Over a decade of dancing, teaching, and competing, from Warwick to Shanghai to Buenos Aires.

✍️ Read about my tango journey on the blog ↗

How It Started

When I arrived at Warwick University in 2014, I decided I wanted to learn to dance. Not any dance in particular, just dancing as a skill. So I did what any sensible person would do: I joined every dance society I could find.

Salsa, ballroom, contemporary, you name it. But it was Argentine tango that stuck. There's something about tango that gets hold of you: the music, the connection, the constant pursuit of something that always feels slightly just out of reach. I was quickly hooked, and before long I'd become President of the Warwick Argentine Tango Society.

Teaching

Teaching tango has been a constant thread in my life through the last decade

Warwick Argentine Tango Society (2014–2017)

It started at Warwick, where I taught as part of the university society. What began as classes for fellow students turned into running the society as President, organising socials, and building a community of dancers from scratch each year.

Shanghai (2017–2018)

After graduating, I moved to Shanghai and ran my own tango classes. Teaching a Latin American dance, in English and Mandarin, to an international crowd in China was an experience in itself.

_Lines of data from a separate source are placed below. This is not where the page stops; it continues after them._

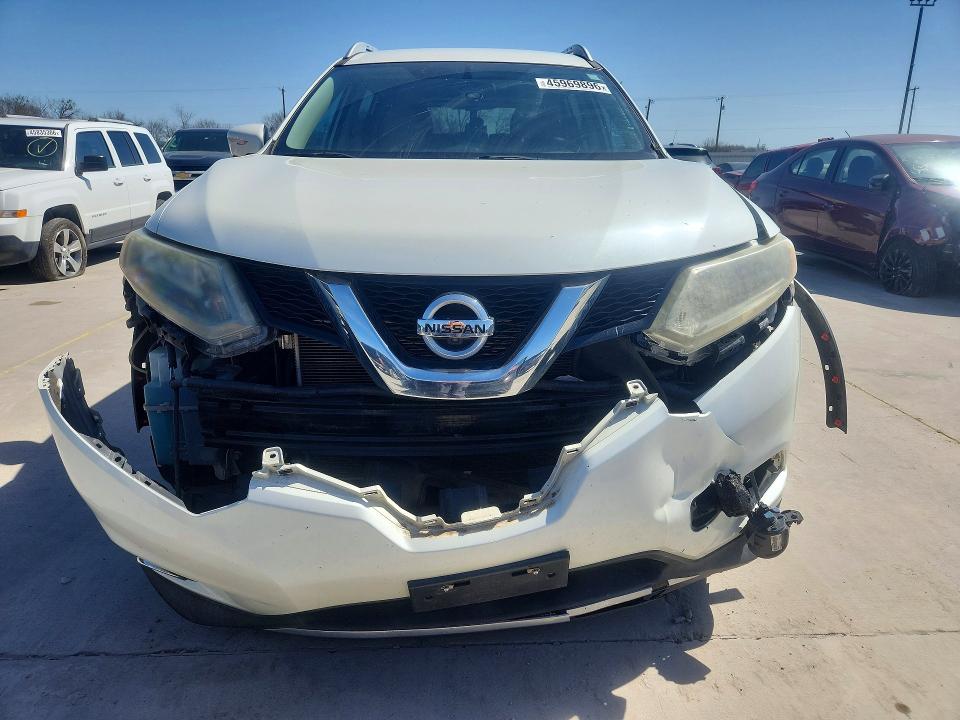 2015 Nissan Rogue მანქანა იყიდება აუქციონზე, vin: 5N1AT2MT9FC872420, აუქციონის ნომერი: 45969896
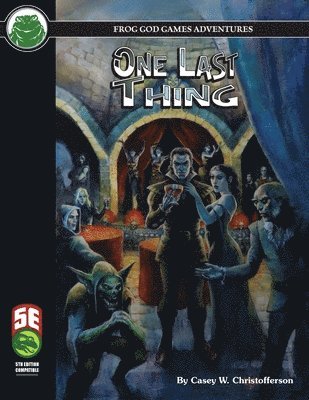 bokomslag One Last Thing 5E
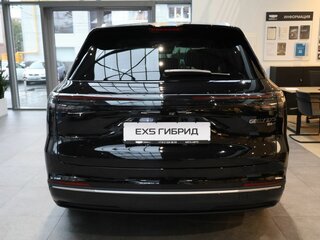 2026 Geely EX5 Гибрид EM-R, чёрный, 3829990 рублей, вид 5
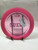 Used Discraft Z NUKE Disc Golf Driver Pink 157g 10242-S000281348 View 2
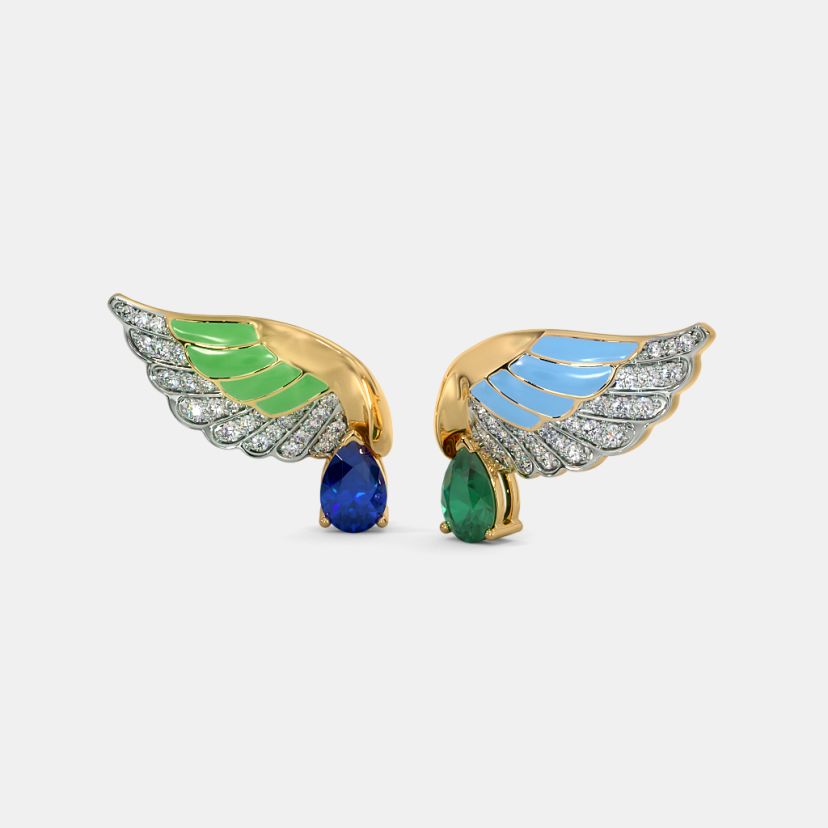 The Ricardo Stud Earrings - image 1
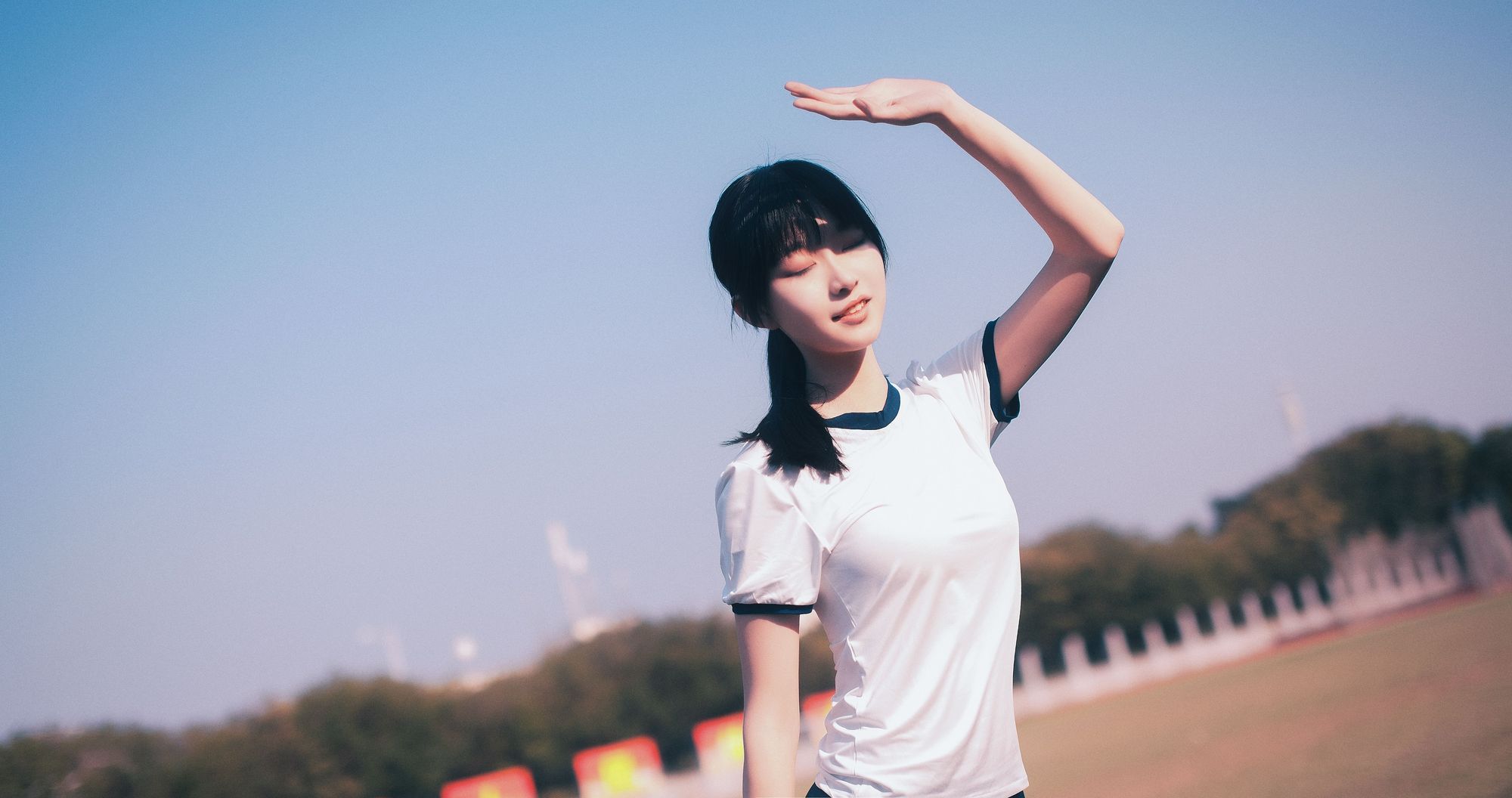 图片[5]-No.006 – -黑丝体操服 [50P]-coswz-cos王者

Oxford Tango Academy (2018–2020)

Back in the UK, I became the assistant instructor for Oxford Tango Academy. During that time I helped take students on a trip to Buenos Aires, the mecca of tango, to train and dance in the city where it all began. I was also on the organising committee for the 8th Oxford Tango Festival in 2019, and established weekly classes in St Albans.

Northern Tango Academy, York (2022–2023)

When I moved to York for my PhD, I got involved with the Northern Tango Academy, teaching and helping to keep the local tango scene alive in the north of England.

Tango Club UW, Madison (2025–present)

Now in Madison, I'm the instructor for Tango Club UW. Every city, every group of students, every dancefloor teaches you something new.

Competing

In 2017 I competed at the UK Tango Championships in both the salon and escenario categories. Competitive tango is a different beast to social dancing: there's a panel of judges, a set format, and the pressure of performing something that's normally built on spontaneity. It was nerve-wracking and brilliant in equal measure.